Nowadays I am using the Thinkpad USB keyboard combined with a CSL vertical mouse and I don't have any string injuries anymore. I mainly chose the keyboard because it is actually one of like 3 that doesn't have batteries and doesn't have a numpad that I don't use anyways.

As a mousepad I am using an aluminium/teflon mousepad I have for like 20 years now. It is superflat and doesn't make my arms stick to it while moving.

As to your mouse movements: the thinkpad usb keyboard has an additional middle mouse key, which does exactly that. It's just so comfortable to use while browsing.

For lots of mouse movements, like in CAD tools or other mouse-heavy environments I still stick to using my vertical mouse though.

I disable the trackpad in the bios I’m so addicted. I would go to meetups in the before time and people would try use my computer and I’d have to tell them, oh yeah the trackpad is disabled… from the bios.

Also there have been times (I guess long ago) when id rub into someone with a computer with a nipple (did toshiba used to have these? Guess they didn’t call then trackpoints?) and start poking at it, and the person would say, “yeah this piece of junk has one of those” and I’d say “what? These are awesome!”

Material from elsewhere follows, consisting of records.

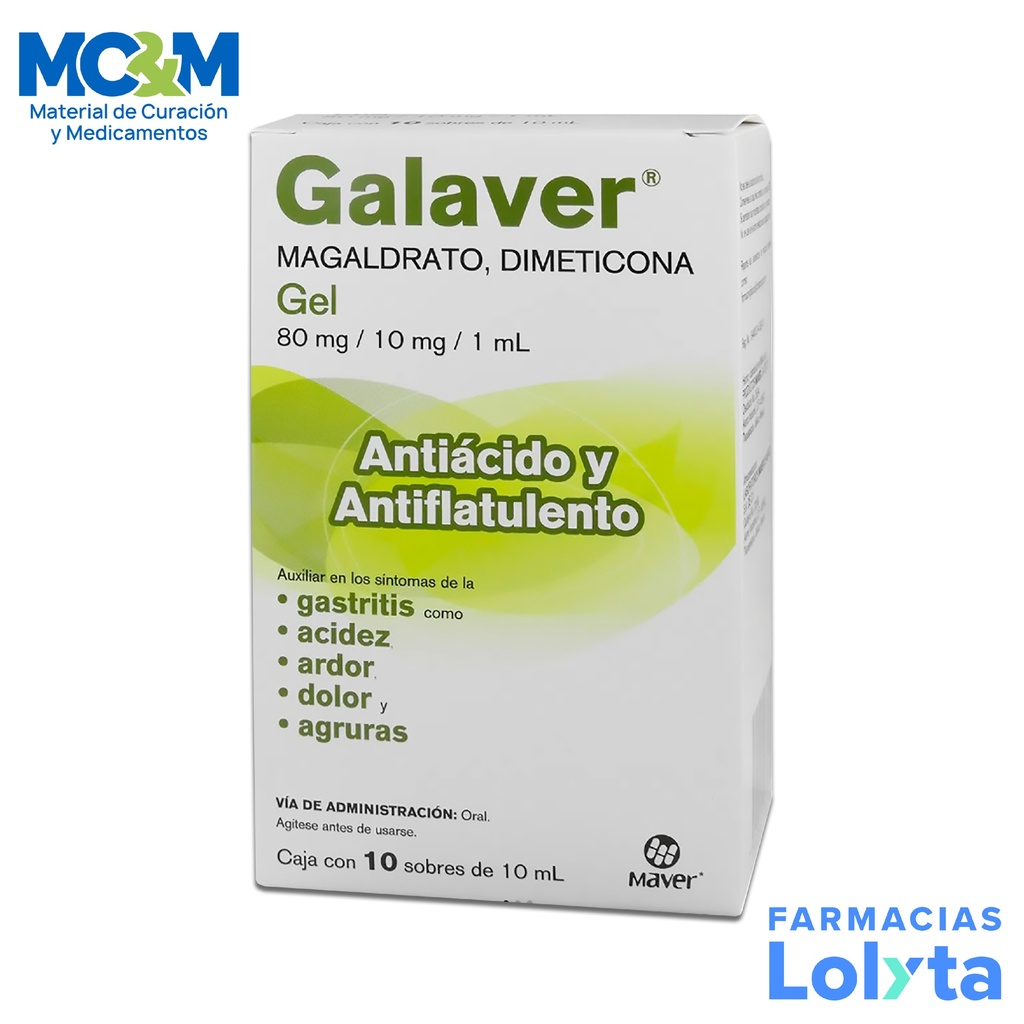 MAGALDRATO DIMETICONA GEL 80/10 MG/ML C/10 SOBRES 10 ML GALAVER LAB MAVER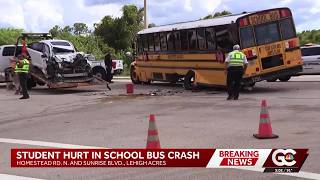 Student hospitalized after crash involving school bus on Homestead Rd S in Lehigh Acres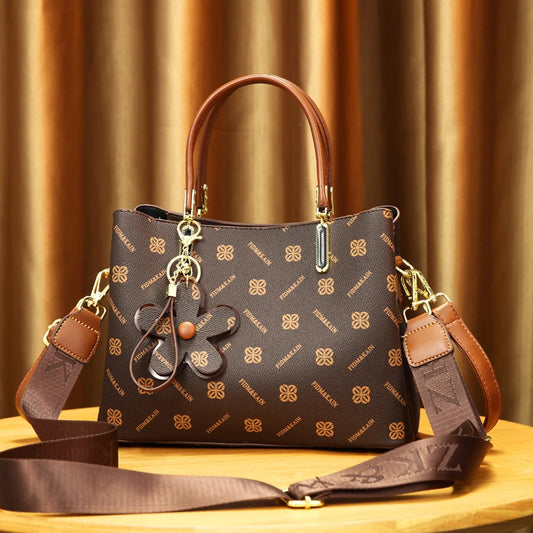 Classic Women’s Handbag with Floral Pattern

Don’t get me started on how deadly I was with a shotgun in CounterStrike on one of these in college

Toshiba did indeed used to have them. My first laptop back in the early 90's was a Toshiba with a trackpoint.
Toshiba laptops, now branded Dynabook and owned by Sharp/Foxconn, still have them on some models. If you want 32gb noticeably below 1000g they are literally the only option on the market (if you can find them, that configuring seems to be virtually unavailable).

Unfortunately their trackpoints come without that middle mouse button, which I liked to set to scrolling by trackpoint on my Dells.

(haven't used a laptop without trackpoint in ages but never really converted for regular pointing)

A few people here have noted problems with the amount of force needed to use the trackpoint

If that is the case, get a tighter-fitting and harder top for it. The tiniest bit of play or flex is wasted force. The actual pointing stick is remarkably sensitive.

> A few people here have noted problems with the amount of force needed to use the trackpoint, but I wonder if that's a problem of either settings or wear since I barely need to nudge mine to do everything I want it to do.

IMO which rubber nub you use is huge as well. I'm partial to the wide and concave nub, as you can simply pressure the edge and the mouse moves.

>I've now even use a modifier key to make home row keys become arrows/home/end/PgUp/PgDn

I do this as well. It's one of the best things I ever did. It does make it awkward when I use someone elses computer now though.

Same, i love track-point on laptops..i don't use the pad at all.

For desktop's i use mostly trackballs like M575...so much less stress for shoulders and hand, and perfectly usable in the bed or well everywhere.

I was the same - had ThinkPads for years after my first laptop (a Toshiba) in the early 90's had a trackpoint.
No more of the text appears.